To cross this bridge was the only means from this direction of reaching the city; but the bridge was guarded at both ends by the patrol, or voluntary police; to elude their vigilance was the only desperate part of Valentine's undertaking.
The river was broad, deep and strong in current; no one had ever dreamed of the feat of swimming across it. It was bordered on this side by a marsh so deep that, in the attempt to pass it, a man of moderate size and strength must have been swallowed up.
The bridge was a continuation of the road and causeway, flanked by parapets extending across the river, and joining the road on the opposite side.
Valentine never thought of the impossible feat of wading the marsh and swimming the river, neither did he dream of attempting to cross the bridge in the very face of the patrol guard that twice before had arrested him; but he projected a scheme almost equally wild and hopeless.
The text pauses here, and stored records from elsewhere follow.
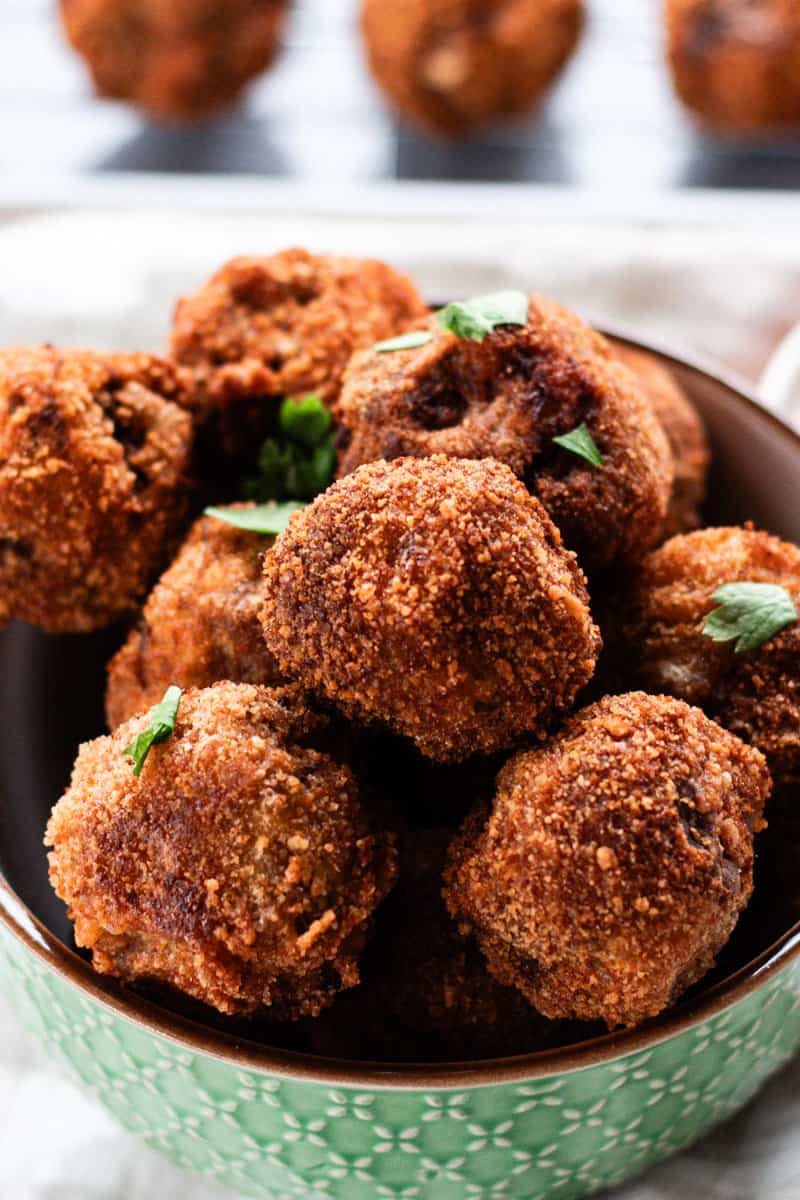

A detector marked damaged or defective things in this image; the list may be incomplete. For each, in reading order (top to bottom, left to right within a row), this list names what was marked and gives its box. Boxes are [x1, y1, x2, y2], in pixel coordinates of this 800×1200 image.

charred spot on meatball [60, 0, 291, 120]
charred spot on meatball [362, 0, 582, 136]
charred spot on meatball [0, 343, 191, 633]
charred spot on meatball [104, 508, 283, 729]
charred spot on meatball [171, 250, 429, 460]
charred spot on meatball [262, 453, 599, 763]
charred spot on meatball [338, 294, 676, 566]
charred spot on meatball [614, 525, 800, 787]
charred spot on meatball [46, 686, 398, 1012]
charred spot on meatball [443, 691, 767, 1027]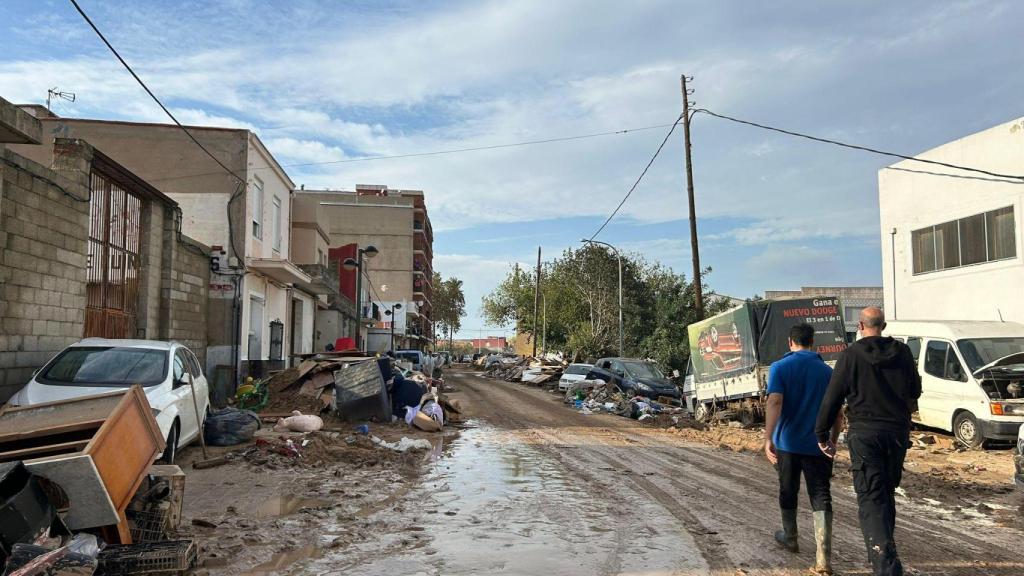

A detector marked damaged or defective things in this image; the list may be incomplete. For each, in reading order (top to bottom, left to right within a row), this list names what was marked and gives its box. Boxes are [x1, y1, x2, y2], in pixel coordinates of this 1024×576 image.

damaged white car [5, 338, 210, 464]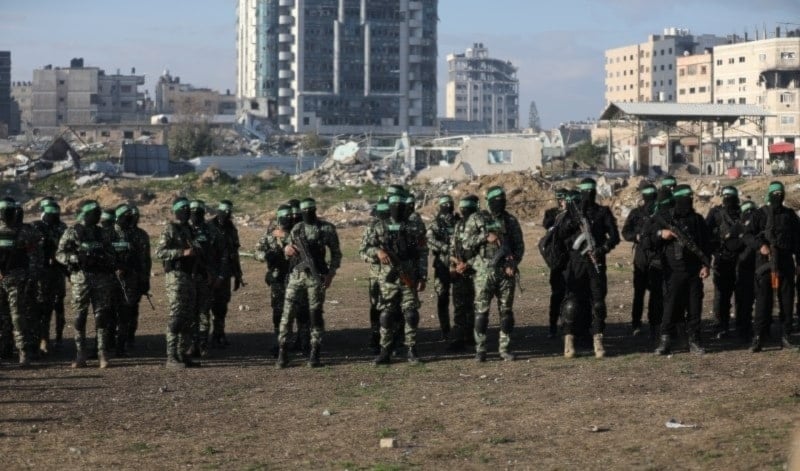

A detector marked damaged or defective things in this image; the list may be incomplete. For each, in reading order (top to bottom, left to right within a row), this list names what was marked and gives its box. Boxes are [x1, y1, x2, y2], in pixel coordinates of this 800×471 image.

building with broken windows [28, 58, 147, 136]
building with broken windows [236, 0, 438, 136]
building with broken windows [444, 43, 520, 134]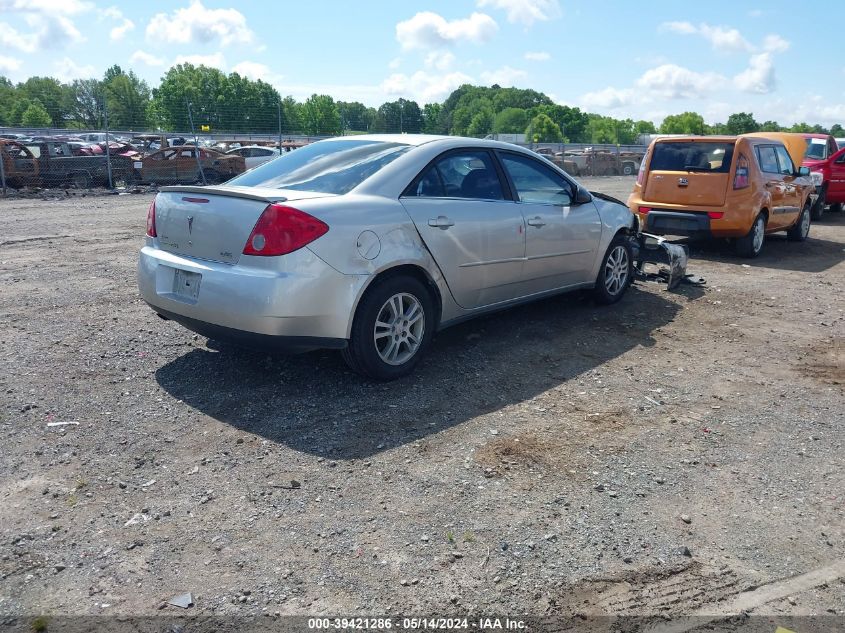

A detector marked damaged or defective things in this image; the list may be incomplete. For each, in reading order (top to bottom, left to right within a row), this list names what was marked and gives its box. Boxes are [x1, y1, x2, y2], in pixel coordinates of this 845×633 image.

wrecked vehicle [131, 143, 244, 183]
wrecked vehicle [138, 135, 684, 378]
damaged front bumper [628, 233, 700, 290]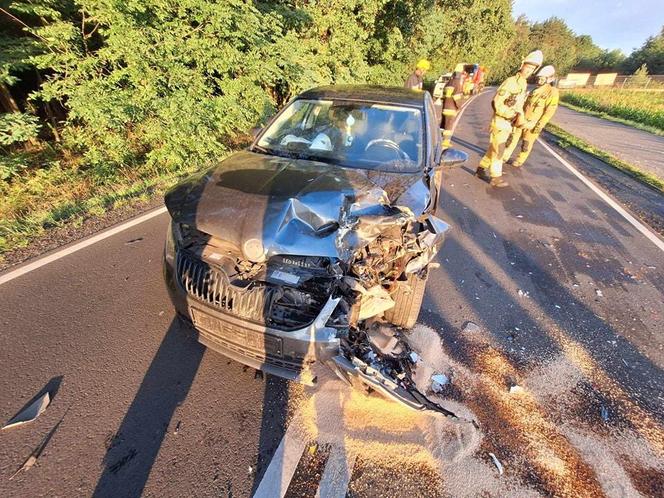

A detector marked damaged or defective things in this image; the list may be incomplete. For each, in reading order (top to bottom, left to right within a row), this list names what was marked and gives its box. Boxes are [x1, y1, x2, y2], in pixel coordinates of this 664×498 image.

crumpled front bumper [163, 256, 342, 386]
damaged dark car [163, 84, 466, 412]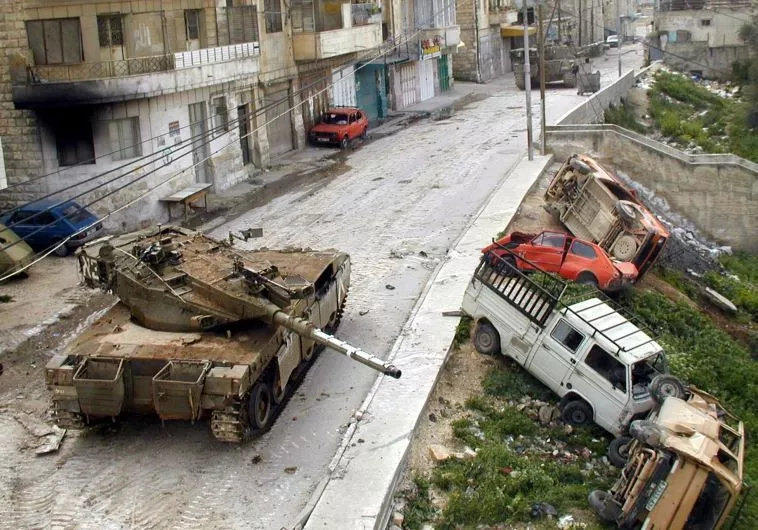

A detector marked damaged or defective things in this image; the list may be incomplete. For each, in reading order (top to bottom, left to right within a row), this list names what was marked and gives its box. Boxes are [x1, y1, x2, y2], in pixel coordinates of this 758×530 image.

crushed red car [308, 106, 370, 148]
destroyed vehicle [512, 47, 580, 90]
destroyed vehicle [0, 221, 34, 278]
destroyed vehicle [484, 229, 640, 290]
crushed red car [484, 229, 640, 290]
destroyed vehicle [548, 153, 672, 276]
destroyed vehicle [46, 225, 404, 440]
overturned truck [46, 225, 404, 440]
overturned military vehicle [46, 225, 404, 440]
destroyed vehicle [464, 243, 688, 438]
destroyed vehicle [592, 386, 744, 524]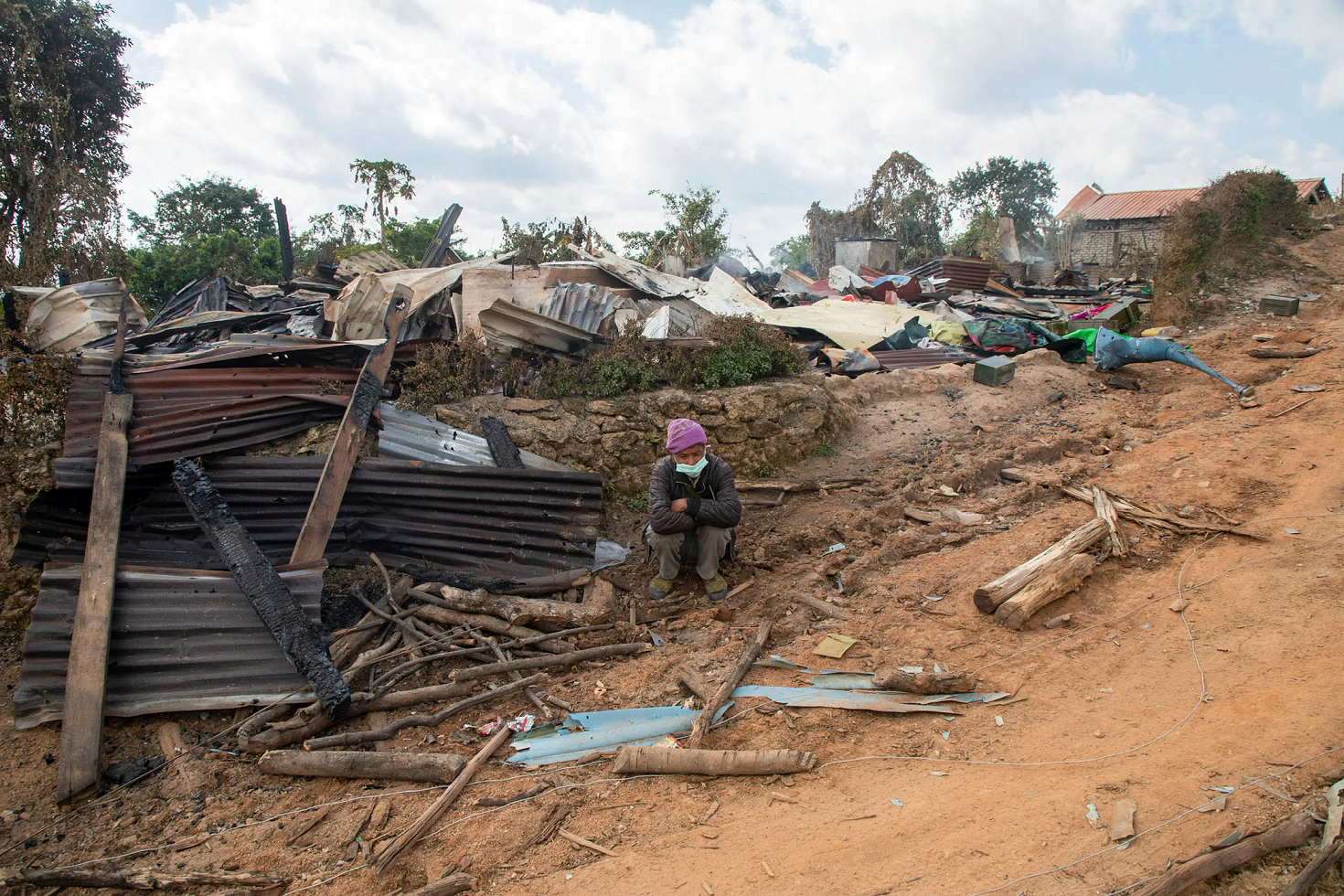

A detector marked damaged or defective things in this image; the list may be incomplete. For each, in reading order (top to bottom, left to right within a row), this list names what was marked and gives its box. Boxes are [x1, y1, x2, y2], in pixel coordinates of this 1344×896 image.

burnt wooden beam [419, 204, 464, 267]
burnt wooden beam [57, 305, 133, 808]
burnt wooden beam [174, 459, 349, 717]
burnt wooden beam [287, 285, 408, 567]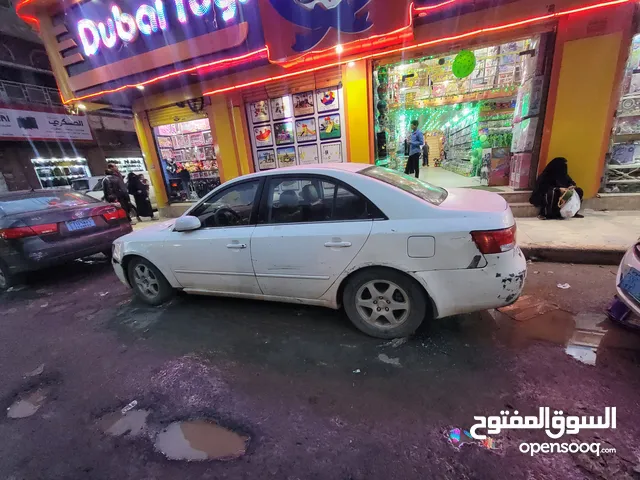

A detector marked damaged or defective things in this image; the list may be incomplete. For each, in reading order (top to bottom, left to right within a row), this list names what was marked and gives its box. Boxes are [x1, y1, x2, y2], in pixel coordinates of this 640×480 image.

pothole [6, 384, 49, 418]
pothole [99, 406, 150, 436]
pothole [154, 420, 249, 462]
This plan was to cross the river by clambering along the water side of this parapet—a plan involving less risk of discovery by the patrol, certainly—but undertaken at the most imminent peril of death, by losing hold and dropping into the river below.
Valentine waded on through the cypress swamp, until the trees grew more sparsely, and the mud under the water became deeper and more treacherous as it merged into the marsh nearest the river.
The poor fellow then clambered along, now on the broken causeway, his eyes all on fire with vigilance, and now dropping down into the swamp, and so in more peril and difficulty he went on, until he reached the place where the marsh merged into the river, and the road and causeway into the bridge and parapet.
Here he heard the patrol guard in their little guard-house laughing and talking over their drink, for they, too, had to keep the pestilence at bay with alcohol.
Here he attempted to gain the parapet, and in doing so, set in motion some alarm bell, at whose first peals he found himself suddenly surrounded, and in the hands of the patrol.
"My good fellow, that feat has been tried once before, so we prepared for the second, you understand," said one of his captors.